How To Get Survey Response Data From Qualtrics With Python
- By : Mydatahack
- Category : Data Engineering, Data Ingestion
- Tags: Python API Data Ingestion
In the previous post, we had a look at Python code examples of basic data engineering with AWS infrastructure. By using Qualtrics API, I would like to present a coding example of API data ingestion into S3 and Redshift. This code can be scheduled hourly, daily or weekly in a server or AWS Data Pipeline.
Qualtrics is an online survey software which allows you to send surveys via email or SMS, receive responses and generate reports. The aim of the ingestion is to get the survey response data into Redshift.
API Reference
Qualtrics API is a simple REST-based API. Once you generate an API token, you are pretty much ready to go. They have comprehensive API documentation. In a nutshell, you can use the requests module to make a POST requests with the token in the header to get the data as a csv file. Further API references are here.

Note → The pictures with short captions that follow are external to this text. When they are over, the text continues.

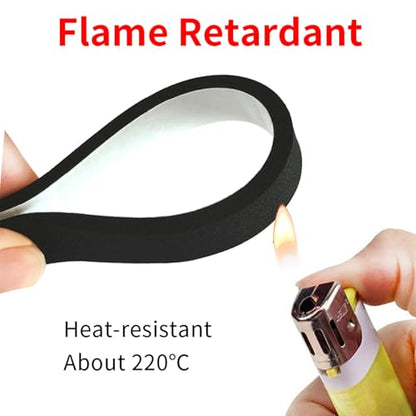 Foam Insulation Tape self Adhesive,1/2In x 1/4In x164Ft Weather Stripping for Doors and Windows,Sound Proof soundproofing Door Seal,Weatherstrip,Pipe Cooling, Air Conditioning Seal Strip - size: 1/2 in x 1/4 in x 164 ft
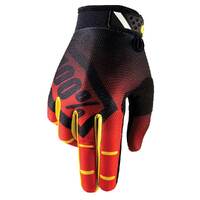 100% RIDEFIT CORPO GLOVES RED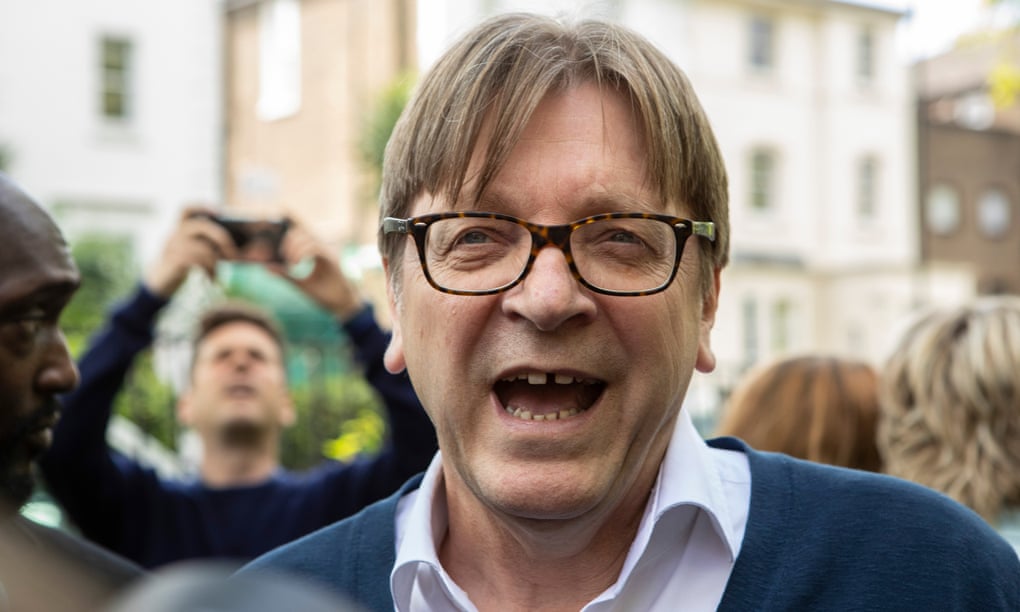 Guy Verhofstadt in London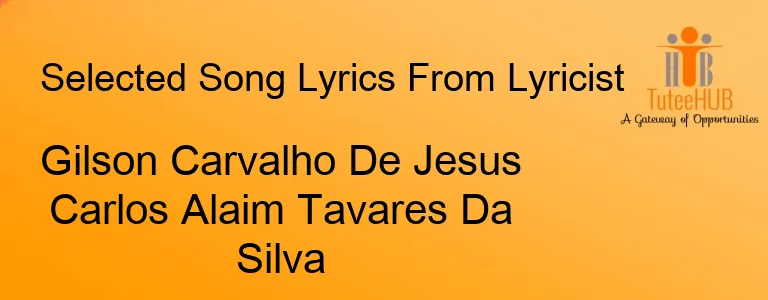 Gilson Carvalho De Jesus Carlos Alaim Tavares Da Silva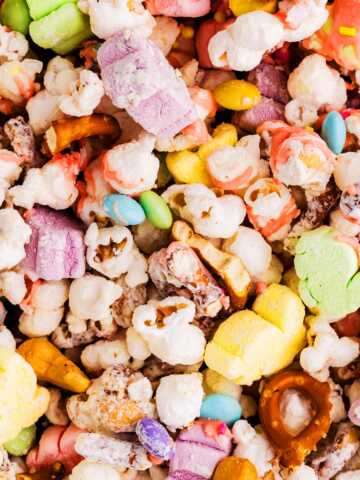 Close up photo of Easter Popcorn.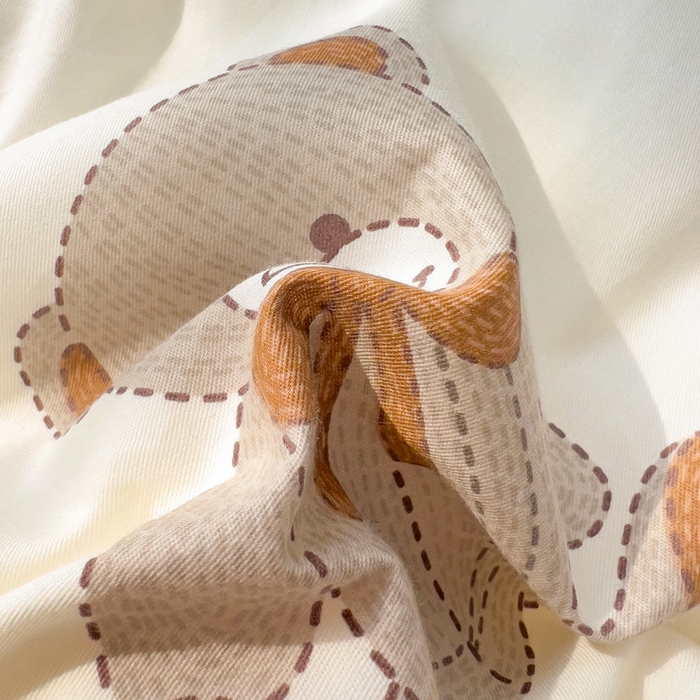 91家纺网 家纺一手货源 找家纺 恩泽 2024新款ins风全棉单品床单天真小熊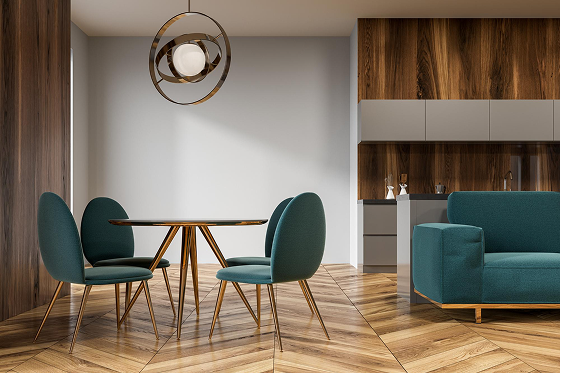 Minimalist furniture design in Nungambakkam apartment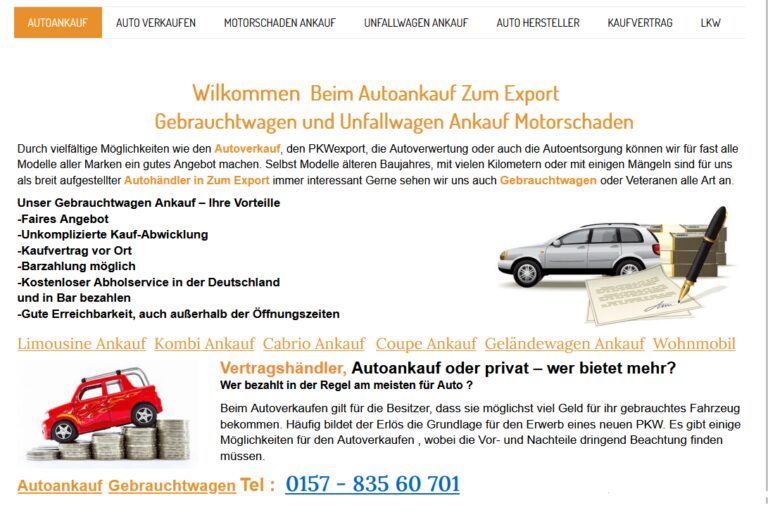 Autoankauf Herford kauft, auch wenn das Auto streikt und die Reparatur sich nicht mehr lohnt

I found Qualtrics API was unreliable hard way. My code initially failed randomly because I didn’t have the for loop to keep the request repeating until it connects. In the code example, I set the maximum to 200 (see the bulk_export method). It usually works within 20 times.
Key Points
In this example, we are using truncate & load because the data comes in one csv file with all the responses. We cannot obtain data incrementally. But, this is ok. We can leverage the power of Redshift copy command from S3, which is extremely fast. Truncate & load should be fine unless you have massive volume or other business requirements. If you want to do an incremental load, you can pick the record in the exported file according to the last updated time for insertion, which can be done relatively easily.
The program exports response data in a csv format into a local directory, push it to a specified S3 bucket, and execute copy command after truncating the table. It can ingest responses from multiple surveys. The argument for survey project names has to be concatenated by ‘,’.
The get_project_id method will return a list of survey ids based on the survey project name, which in turn uses to get the survey-specific response data.
The format_colnames method takes care of formatting the column as the exported file has multiple rows for the column names. I am using the pandas package to do the data manipulation.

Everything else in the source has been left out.